Scikit-Learn - Custom Transformers

Posted on Apr 4, 2022

Scikit-learn provides plenty of transformers, such as StandardScaler, but sometimes you want to implement your own transformers, for example selecting columns, or adding specific values etc.

A sample transformer is as follows, where it will add the columns specified +1:

import pandas as pd
from sklearn.base import BaseEstimator, TransformerMixin

import copy

class PlusOne(BaseEstimator, TransformerMixin):
    def __init__(self, columns):
        self.columns = columns

    def fit(self, X, y=None):
        return self

    def transform(self, X: pd.DataFrame) -> pd.DataFrame:
        return X[self.columns] + 1
sample = pd.DataFrame([{"a": 1}])
PlusOne(columns="a").fit_transform(sample)

All transformers should inherit BaseEstimator, and if the module is a Transformer, then it should also inherit TransformMixin.

You can use the class initialization to pass in variables, such as self.columns which are the columns that we want to perform the subsequent function. And we can update the class variables through the fit function.

A sample input of:

a
0 1

Will be transformed to:

a
0 2

The fit function would always be called before the transform function.

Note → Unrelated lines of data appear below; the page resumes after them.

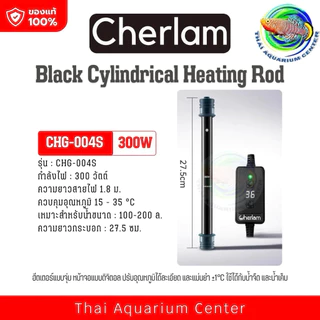 Cherlam ฮีตเตอร์ปรับอุณหภูมิแบบดิจิตอล รุ่น CHG-001S / 002S / 003S / 004S สำหรับตู้ปลา ระบบน้ำจืด-น้ำเค็ม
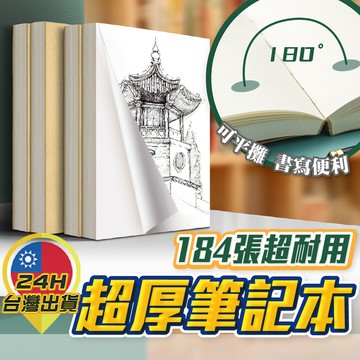 【超厚筆記本】筆記本 記事本 空白筆記本 空白記事本 小紅書同款 超厚空白筆記本 草稿本 超厚空白記事本 超厚草稿本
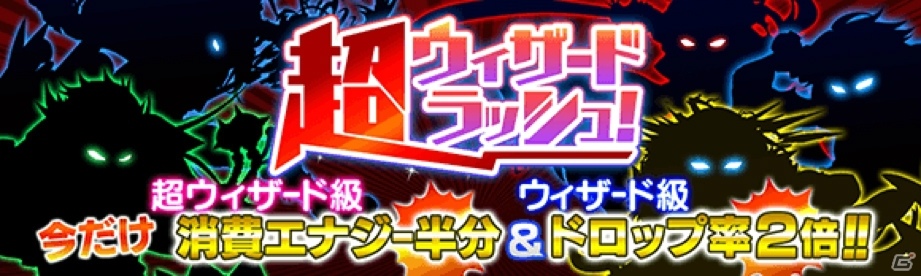 iOS/Android「クラッシュフィーバー」ホワイトデーキャンペーンが3月9日より開始！無料ガチャも実施の画像11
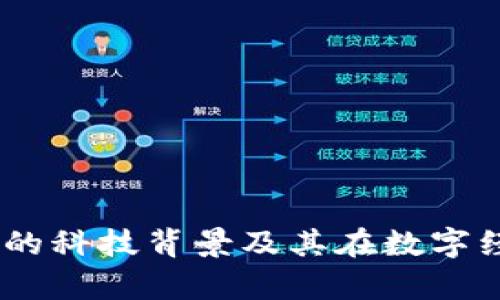 探索Snap虚拟币的科技背景及其在数字经济中的潜在应用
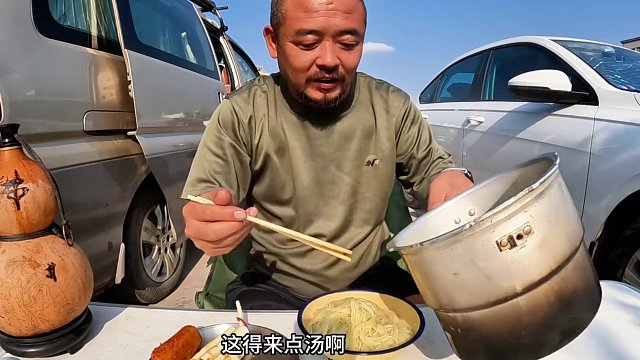 云南楚雄物价真便宜，早上花一块七毛钱买面条，太多太实惠#户外美食 #床车旅行 #户外生活 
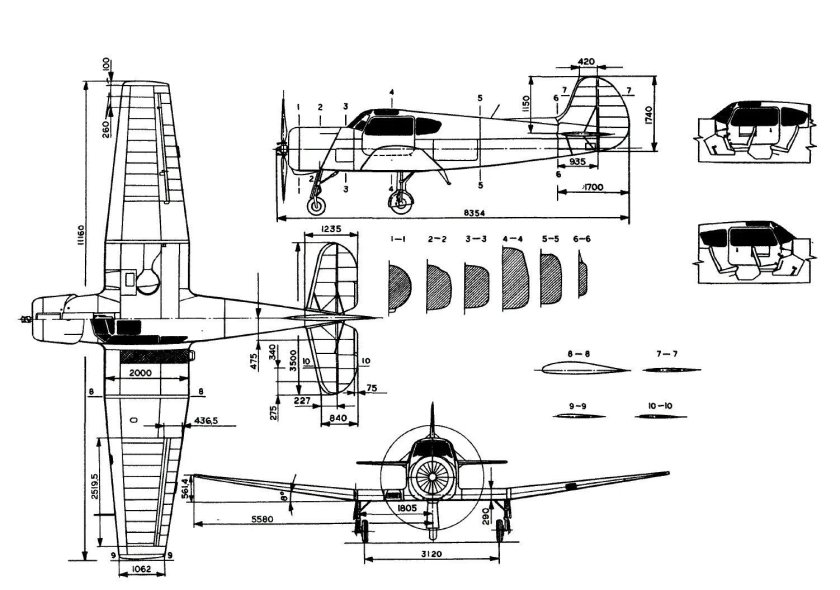Як-18т чертежи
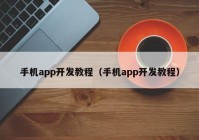 手机app开发教程（手机app开发教程）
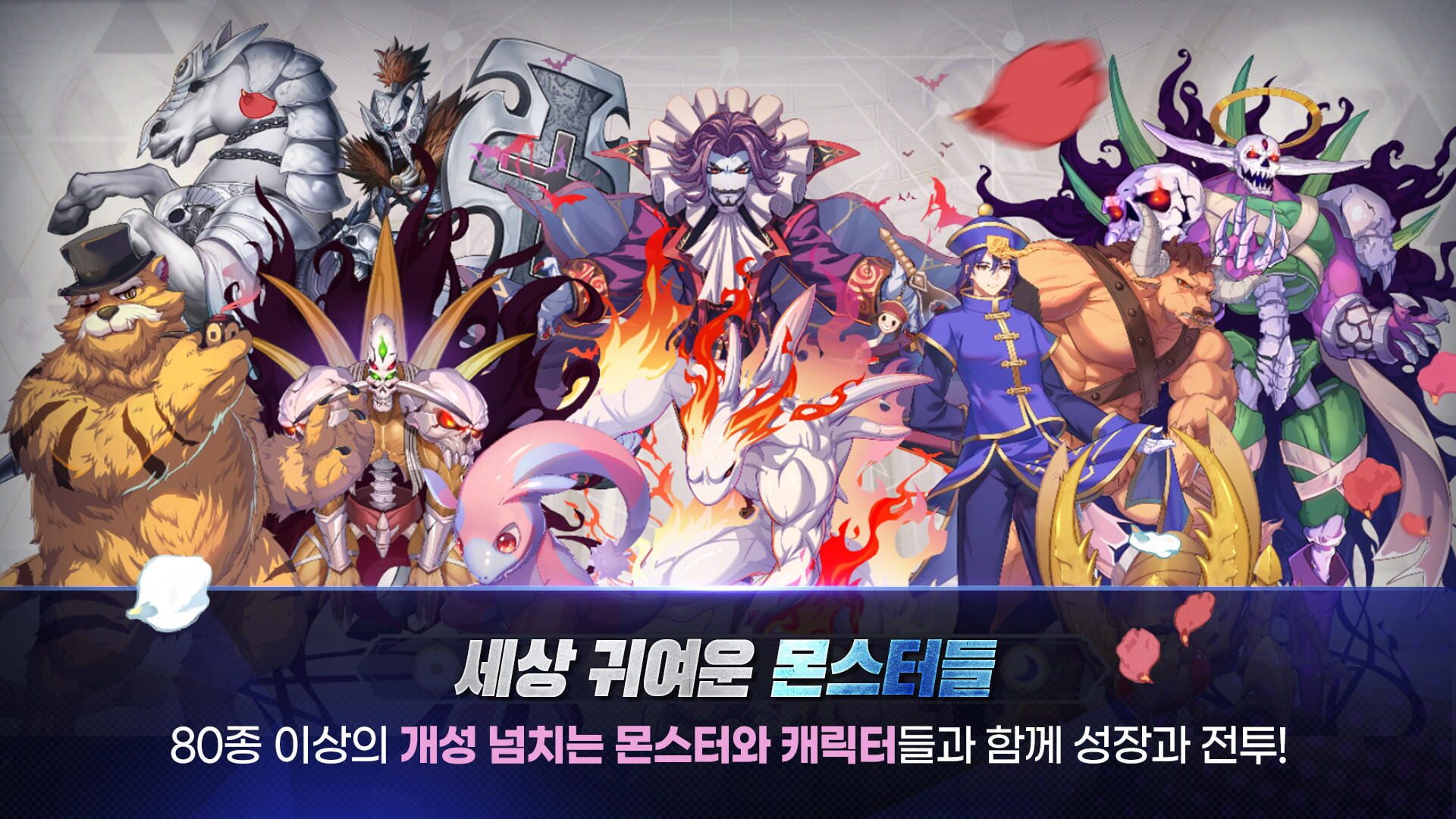 Foto do jogo Ragnarok Arena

Another example is we can use the fit function to remember an average, and then add this to the original dataframe, such as:

class PlusMean(BaseEstimator, TransformerMixin):
    def __init__(self, columns):
        self.columns = columns
        self.mean = None

    def fit(self, X, y=None):
        self.mean = X[self.columns].mean()

        return self

    def transform(self, X: pd.DataFrame) -> pd.DataFrame:
        X = copy.copy(X)

        return X[self.columns] + self.mean
sample = pd.DataFrame([{"a": 1}, {"a": 3}])
PlusMean(columns="a").fit_transform(sample)

A sample input of:

a
0 1
1 5

Will be transformed to:

a
0 3
1 5

Through custom transformers this allows us to create logic to stack inside a Pipeline, and reduce inference issues.